ECLI:NL:CRVB:2022:1289
Centrale Raad van Beroep
- Hoger beroep
- Rechtspraak.nl
Hoger beroep niet-ontvankelijk wegens ontbreken van gronden
Op 8 juni 2022 heeft de Centrale Raad van Beroep uitspraak gedaan in de zaak met nummer 22/570 WIA. Het hoger beroep is ingesteld door appellante, vertegenwoordigd door mr. K.E.J. Dohmen, tegen een eerdere uitspraak van de rechtbank Limburg van 7 januari 2022 (zaaknummer 20/2703). De Centrale Raad van Beroep heeft vastgesteld dat het ingediende beroepschrift geen gronden bevatte, zoals vereist volgens artikel 6:5 van de Algemene wet bestuursrecht (Awb).
De gemachtigde van appellante is op 1 maart 2022 in de gelegenheid gesteld om dit verzuim binnen vier weken te herstellen, maar heeft deze termijn ongebruikt laten verstrijken. Vervolgens is er op 1 april 2022 opnieuw een termijn van vier weken gesteld om de beroepsgronden in te dienen, met de waarschuwing dat overschrijding van deze termijn zou leiden tot niet-ontvankelijkheid van de zaak. Ook deze termijn is niet benut door de gemachtigde van appellante.
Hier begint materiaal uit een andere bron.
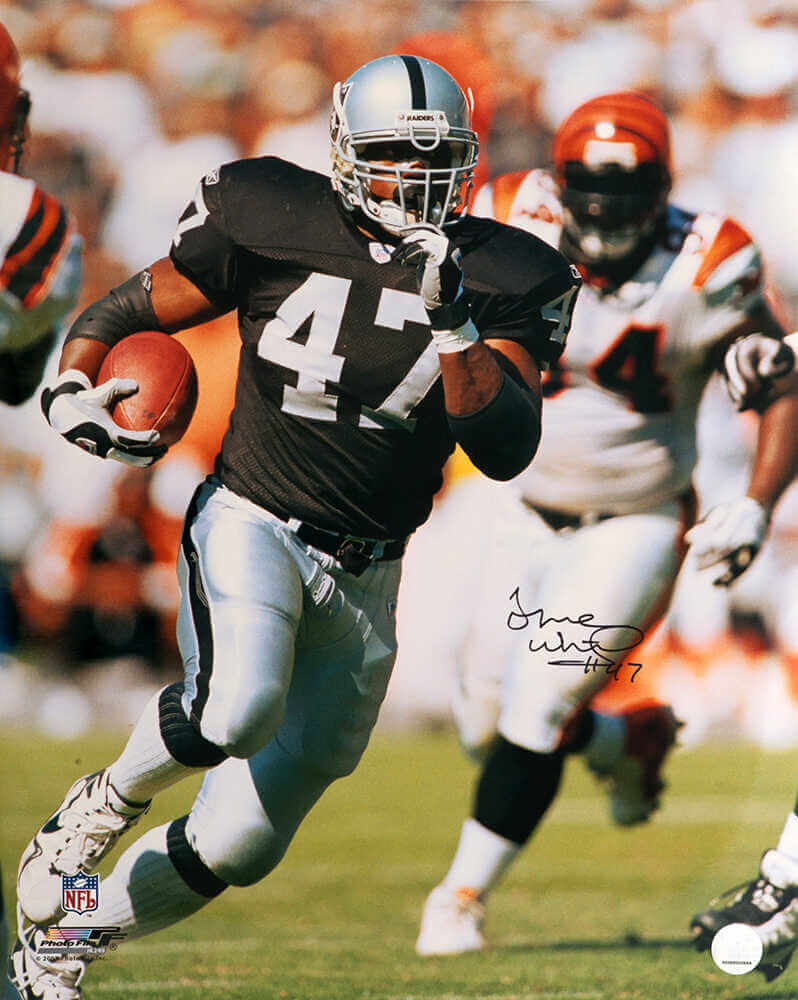 Tyrone Wheatley Signed Raiders Black Jersey Action 16x20 Photo - WHE16P301 - Tyrone Wheatley Signed Raiders Black Jersey Action 16x20 Photo product image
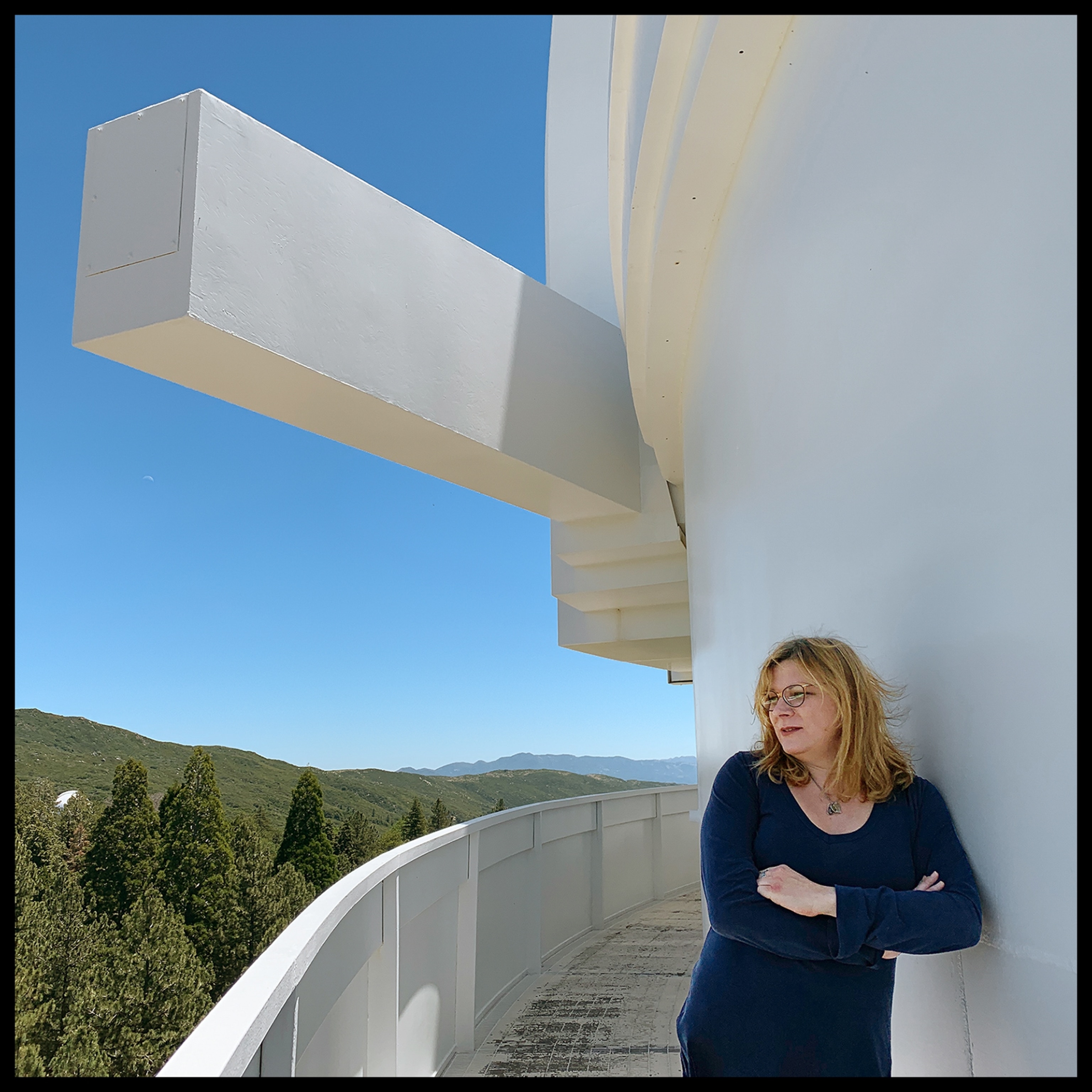 woman standing outdoors on a buildings patio edge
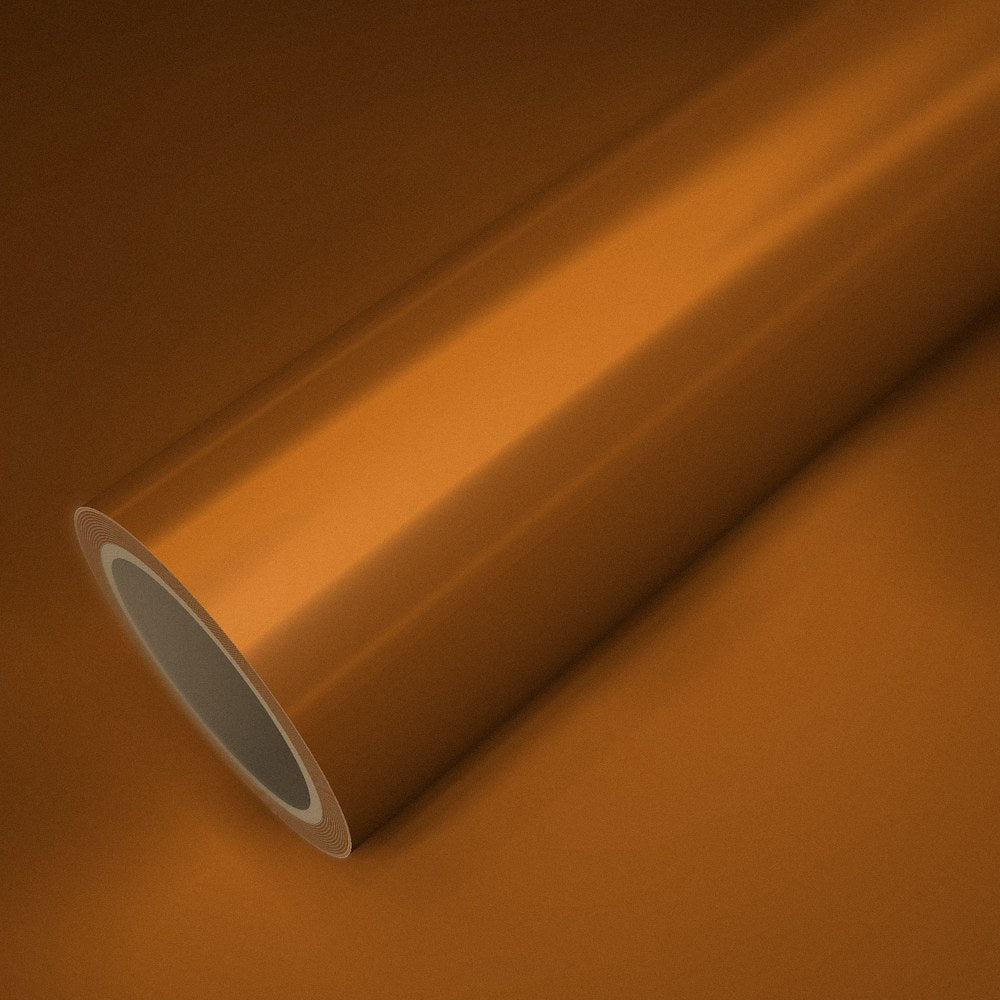 Roll of matte chrome orange vinyl wrap on a sheet of the same vinyl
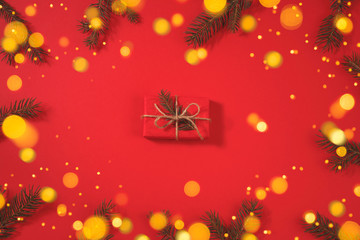 Fototapeta na wymiar Gift box. Christmas background with xmas tree and sparkle bokeh lights on a red background.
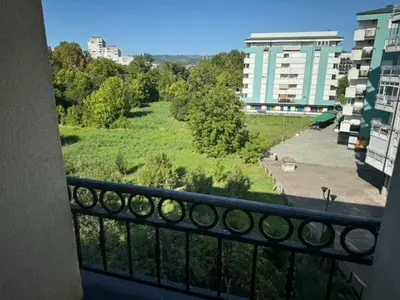 a balcony with a view of a green field at Trojka in Banja Luka
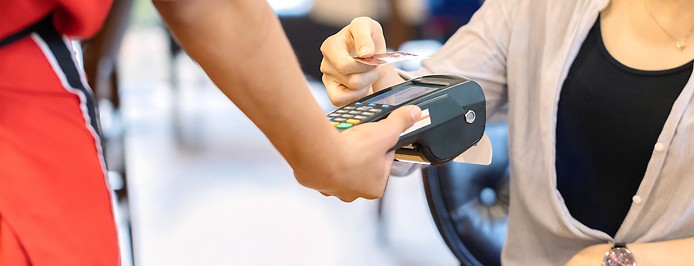 Frau zahlt in einem Restaurant mit ihrer Kreditkarte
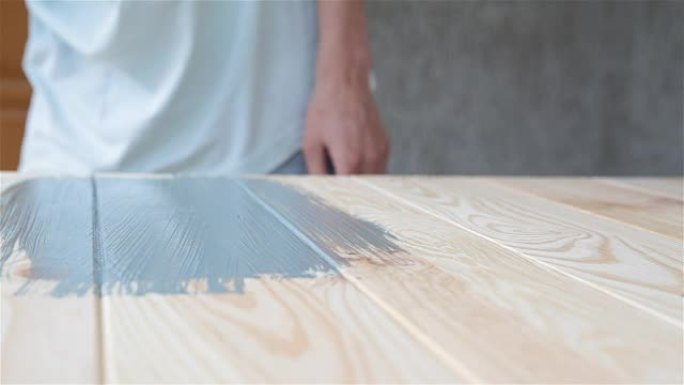 木匠用蓝色油漆覆盖木质表面。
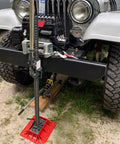 Seven Sparta off-road base stand for Hi-Lift jack with black steel post and red base plate on Jeep front.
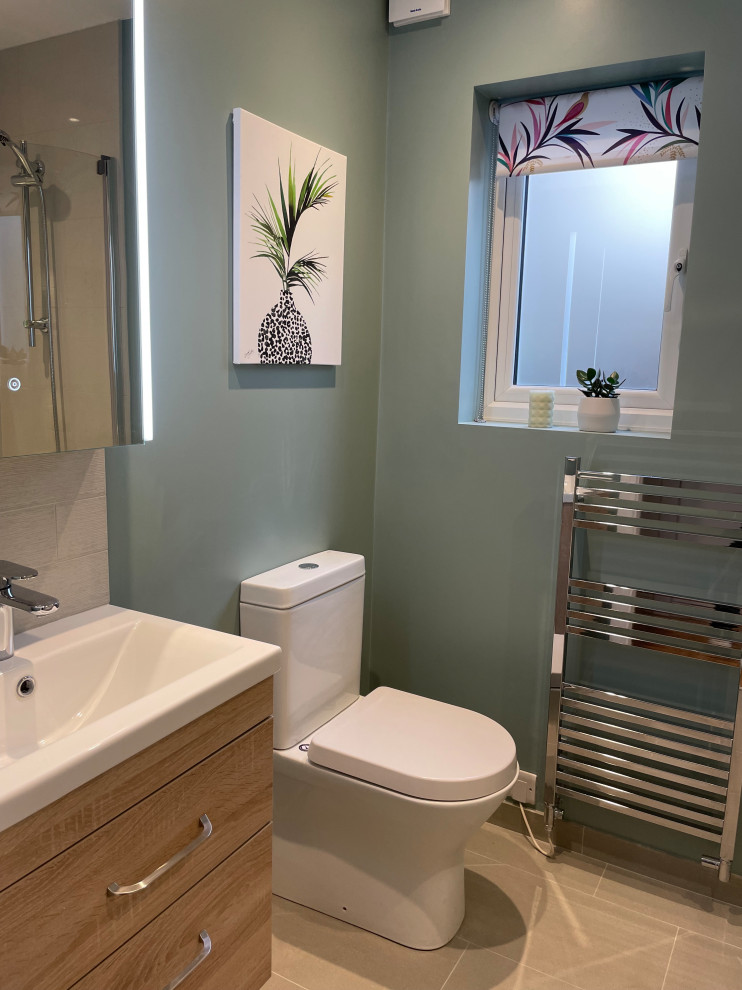 Small contemporary family bathroom in London with flat-panel cabinets, light wood cabinets, a built-in bath, a shower/bath combination, a one-piece toilet, beige tiles, porcelain tiles, blue walls, porcelain flooring, a wall-mounted sink, beige floors, a hinged door, a single sink and a floating vanity unit.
De Centrale Raad van Beroep heeft geconcludeerd dat er geen redenen zijn aangevoerd die het verzuim kunnen verontschuldigen. Daarom is het hoger beroep kennelijk niet-ontvankelijk verklaard, zonder verder inhoudelijk onderzoek. De uitspraak is openbaar gedaan en er is geen aanleiding voor een proceskostenveroordeling. Tegen deze uitspraak staat voor belanghebbenden en het bestuursorgaan een mogelijkheid tot verzet open binnen zes weken na verzending van het afschrift van de uitspraak.